[Stored items]
════════════════

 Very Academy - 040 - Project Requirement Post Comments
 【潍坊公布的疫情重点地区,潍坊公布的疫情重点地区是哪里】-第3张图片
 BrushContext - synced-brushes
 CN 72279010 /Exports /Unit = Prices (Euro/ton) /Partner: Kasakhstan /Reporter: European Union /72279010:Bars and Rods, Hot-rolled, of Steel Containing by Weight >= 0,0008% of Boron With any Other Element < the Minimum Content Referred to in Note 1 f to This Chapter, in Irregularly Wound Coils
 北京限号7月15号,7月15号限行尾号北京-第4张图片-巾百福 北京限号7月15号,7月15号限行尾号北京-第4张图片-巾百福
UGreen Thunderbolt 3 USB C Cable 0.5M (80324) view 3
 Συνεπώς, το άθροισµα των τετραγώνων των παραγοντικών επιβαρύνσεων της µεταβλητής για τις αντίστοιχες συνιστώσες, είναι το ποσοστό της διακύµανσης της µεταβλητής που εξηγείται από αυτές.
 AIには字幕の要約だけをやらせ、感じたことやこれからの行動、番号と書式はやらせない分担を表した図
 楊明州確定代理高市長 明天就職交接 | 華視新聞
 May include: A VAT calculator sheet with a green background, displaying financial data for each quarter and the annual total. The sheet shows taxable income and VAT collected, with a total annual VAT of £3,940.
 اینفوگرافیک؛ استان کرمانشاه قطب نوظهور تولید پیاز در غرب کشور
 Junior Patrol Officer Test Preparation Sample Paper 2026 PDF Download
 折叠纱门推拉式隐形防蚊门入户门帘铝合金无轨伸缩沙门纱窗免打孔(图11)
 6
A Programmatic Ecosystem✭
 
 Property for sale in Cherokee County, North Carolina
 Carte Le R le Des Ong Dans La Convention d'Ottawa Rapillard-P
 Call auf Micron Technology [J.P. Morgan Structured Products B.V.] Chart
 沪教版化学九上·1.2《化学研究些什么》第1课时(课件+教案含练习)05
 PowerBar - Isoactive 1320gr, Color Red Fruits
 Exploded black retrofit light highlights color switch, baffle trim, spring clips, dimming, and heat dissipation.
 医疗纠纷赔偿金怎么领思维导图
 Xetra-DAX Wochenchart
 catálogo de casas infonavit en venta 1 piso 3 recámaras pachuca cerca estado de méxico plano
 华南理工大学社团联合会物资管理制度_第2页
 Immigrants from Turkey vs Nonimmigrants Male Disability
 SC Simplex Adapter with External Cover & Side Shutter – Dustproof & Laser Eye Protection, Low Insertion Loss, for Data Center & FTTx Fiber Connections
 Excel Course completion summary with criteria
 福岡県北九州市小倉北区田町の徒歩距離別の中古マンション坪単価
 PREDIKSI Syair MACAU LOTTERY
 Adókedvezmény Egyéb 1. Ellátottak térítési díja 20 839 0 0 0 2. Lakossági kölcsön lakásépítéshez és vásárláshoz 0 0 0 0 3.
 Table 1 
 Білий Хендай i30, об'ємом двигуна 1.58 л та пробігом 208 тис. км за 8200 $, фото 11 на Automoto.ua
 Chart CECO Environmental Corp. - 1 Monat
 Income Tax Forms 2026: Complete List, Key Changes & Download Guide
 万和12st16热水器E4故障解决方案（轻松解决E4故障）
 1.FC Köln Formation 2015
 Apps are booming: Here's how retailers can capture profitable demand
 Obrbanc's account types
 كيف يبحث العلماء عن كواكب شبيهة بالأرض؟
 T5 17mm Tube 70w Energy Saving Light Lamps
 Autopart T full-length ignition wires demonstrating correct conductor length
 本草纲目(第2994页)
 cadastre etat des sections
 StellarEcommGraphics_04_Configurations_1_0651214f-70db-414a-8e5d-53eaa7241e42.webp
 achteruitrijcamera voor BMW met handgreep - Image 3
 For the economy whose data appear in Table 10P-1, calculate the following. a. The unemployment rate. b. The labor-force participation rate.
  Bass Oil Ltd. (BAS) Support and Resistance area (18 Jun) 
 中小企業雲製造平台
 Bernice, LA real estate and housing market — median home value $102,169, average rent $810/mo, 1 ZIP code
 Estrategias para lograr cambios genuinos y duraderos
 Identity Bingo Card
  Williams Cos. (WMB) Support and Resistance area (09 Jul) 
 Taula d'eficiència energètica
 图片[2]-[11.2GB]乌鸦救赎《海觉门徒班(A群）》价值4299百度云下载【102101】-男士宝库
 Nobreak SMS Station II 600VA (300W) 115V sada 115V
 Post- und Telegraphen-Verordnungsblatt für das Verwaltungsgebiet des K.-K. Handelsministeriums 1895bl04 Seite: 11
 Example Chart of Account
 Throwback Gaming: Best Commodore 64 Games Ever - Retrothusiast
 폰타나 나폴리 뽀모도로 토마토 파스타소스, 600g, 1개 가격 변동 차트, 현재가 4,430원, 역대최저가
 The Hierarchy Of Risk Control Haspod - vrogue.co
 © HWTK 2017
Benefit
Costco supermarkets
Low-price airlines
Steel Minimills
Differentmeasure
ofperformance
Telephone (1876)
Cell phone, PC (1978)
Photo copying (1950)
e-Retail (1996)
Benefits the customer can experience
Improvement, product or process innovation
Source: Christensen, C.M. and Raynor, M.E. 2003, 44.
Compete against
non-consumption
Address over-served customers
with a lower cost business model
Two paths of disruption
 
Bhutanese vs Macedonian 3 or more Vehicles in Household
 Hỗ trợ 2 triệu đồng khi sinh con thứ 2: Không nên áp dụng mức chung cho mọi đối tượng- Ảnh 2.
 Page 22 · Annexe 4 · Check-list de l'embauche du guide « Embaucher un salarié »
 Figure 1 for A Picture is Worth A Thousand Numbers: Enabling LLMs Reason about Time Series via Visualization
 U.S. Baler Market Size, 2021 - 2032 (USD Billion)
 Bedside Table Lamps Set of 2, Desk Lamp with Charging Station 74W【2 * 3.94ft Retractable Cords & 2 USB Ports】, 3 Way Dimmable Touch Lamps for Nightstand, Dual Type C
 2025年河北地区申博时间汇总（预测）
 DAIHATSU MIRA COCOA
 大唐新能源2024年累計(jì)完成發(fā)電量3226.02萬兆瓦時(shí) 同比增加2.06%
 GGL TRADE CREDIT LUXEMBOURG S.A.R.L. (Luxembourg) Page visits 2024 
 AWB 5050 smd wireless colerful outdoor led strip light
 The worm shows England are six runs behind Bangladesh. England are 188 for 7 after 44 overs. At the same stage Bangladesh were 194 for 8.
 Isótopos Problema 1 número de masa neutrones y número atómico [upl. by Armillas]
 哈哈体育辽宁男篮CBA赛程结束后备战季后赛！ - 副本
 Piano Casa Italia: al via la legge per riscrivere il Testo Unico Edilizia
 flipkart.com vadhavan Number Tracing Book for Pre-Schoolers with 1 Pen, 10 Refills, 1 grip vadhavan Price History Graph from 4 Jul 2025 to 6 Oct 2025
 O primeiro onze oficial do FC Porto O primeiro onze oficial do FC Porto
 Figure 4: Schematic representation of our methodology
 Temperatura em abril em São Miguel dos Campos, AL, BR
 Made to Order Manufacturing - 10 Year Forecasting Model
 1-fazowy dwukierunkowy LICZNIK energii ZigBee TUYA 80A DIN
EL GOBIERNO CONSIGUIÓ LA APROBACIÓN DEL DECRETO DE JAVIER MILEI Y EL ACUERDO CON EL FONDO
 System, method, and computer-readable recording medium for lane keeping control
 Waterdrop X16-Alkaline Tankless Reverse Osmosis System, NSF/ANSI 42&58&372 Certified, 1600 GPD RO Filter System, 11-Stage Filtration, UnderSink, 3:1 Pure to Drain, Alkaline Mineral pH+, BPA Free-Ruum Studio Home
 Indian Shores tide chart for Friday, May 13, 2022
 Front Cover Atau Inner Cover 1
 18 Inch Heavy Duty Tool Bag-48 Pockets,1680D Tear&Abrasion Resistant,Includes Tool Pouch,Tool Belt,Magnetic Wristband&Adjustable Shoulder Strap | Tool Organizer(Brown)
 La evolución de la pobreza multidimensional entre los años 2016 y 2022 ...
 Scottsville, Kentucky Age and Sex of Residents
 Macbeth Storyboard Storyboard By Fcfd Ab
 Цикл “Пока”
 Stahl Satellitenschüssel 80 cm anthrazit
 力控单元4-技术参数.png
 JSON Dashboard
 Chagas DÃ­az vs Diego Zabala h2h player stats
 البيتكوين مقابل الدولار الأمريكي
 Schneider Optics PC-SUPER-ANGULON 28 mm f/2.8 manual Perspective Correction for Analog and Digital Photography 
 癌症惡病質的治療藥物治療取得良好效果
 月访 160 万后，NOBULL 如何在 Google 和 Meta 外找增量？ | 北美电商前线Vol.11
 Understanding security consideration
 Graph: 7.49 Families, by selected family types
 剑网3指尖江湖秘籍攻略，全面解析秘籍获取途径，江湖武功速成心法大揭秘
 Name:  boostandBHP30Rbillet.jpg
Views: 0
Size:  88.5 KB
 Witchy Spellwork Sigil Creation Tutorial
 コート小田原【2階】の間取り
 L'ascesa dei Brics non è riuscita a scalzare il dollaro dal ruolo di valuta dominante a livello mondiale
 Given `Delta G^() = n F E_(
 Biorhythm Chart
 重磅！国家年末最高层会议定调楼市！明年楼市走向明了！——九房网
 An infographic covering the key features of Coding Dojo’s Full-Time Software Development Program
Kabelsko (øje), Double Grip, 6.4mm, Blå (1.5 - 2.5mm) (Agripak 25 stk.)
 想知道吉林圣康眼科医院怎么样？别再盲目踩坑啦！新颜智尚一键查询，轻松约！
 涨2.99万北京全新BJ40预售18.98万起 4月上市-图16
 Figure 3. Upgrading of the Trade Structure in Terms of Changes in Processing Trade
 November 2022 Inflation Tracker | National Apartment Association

════════════════

Brief: One number is all the reply should hold: how many lines in these records include the word "Post".

Solution to the exercise: 2